Most states have passed laws regulating health insurers’ medical necessity review and appeal processes. Any insurance plan in your state will have to comply with these laws. Also, an insurer’s review and appeals processes will need to comply with extensive requirements under a claims procedure regulation that the U.S. Department of Labor has adopted under the Employee Retirement Income Security Act (ERISA). (The few states that have not enacted their own laws have simply chosen to incorporate the ERISA claims procedure regulation). Medicare Advantage insurers also must adhere to specific medical necessity review and appeal requirements. In some cases, a failure to comply with state legal or federal requirements can result in an item or service being covered automatically or subject to automatic appeal.

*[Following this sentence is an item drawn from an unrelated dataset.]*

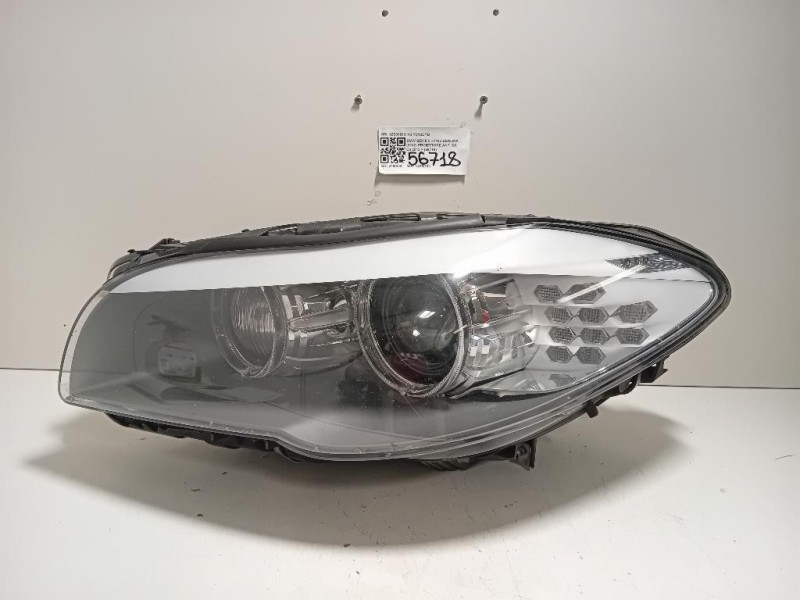 Proiettore ANT SX 1ZS01013143 Bmw Serie 5 F10 Berlina 2012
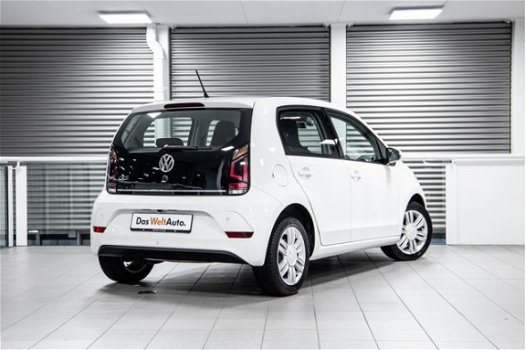 Volkswagen Up! - 1.0 BMT high up - 1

Consult these laws in the Database to see if the health insurer is following the law. You can find relevant state laws under the following categories:

  • State Medical Necessity Decisions-Deadlines
  • State Medical Necessity Appeals-Deadlines
  • Medical Necessity-Definition
  • U.R. Criteria

You can find the ERISA claims procedure regulation in the Database under the categories “ERISA-Med. Nec. Decisions-deadlines” and “ERISA-Med. Nec. Appeals appeals-Deadlines.” You can see the Medicare Advantage requirements under “Med. Adv.-Med. Nec. Decisions-Deadlines,” and “Med. Adv.-Med. Nec. Appeals-Deadlines.”

The AMA Advocacy Resource Center has also developed model legislation entitled “Ensuring Transparency in Prior Authorization Act.” Many states have recently enacted laws based on this model legislation. You can find this model bill in the Database under the general category “ARC Advocacy Resources,” under the categories “State Medical Necessity Decisions-Deadlines,” and “State Medical Necessity Appeals-Deadlines.”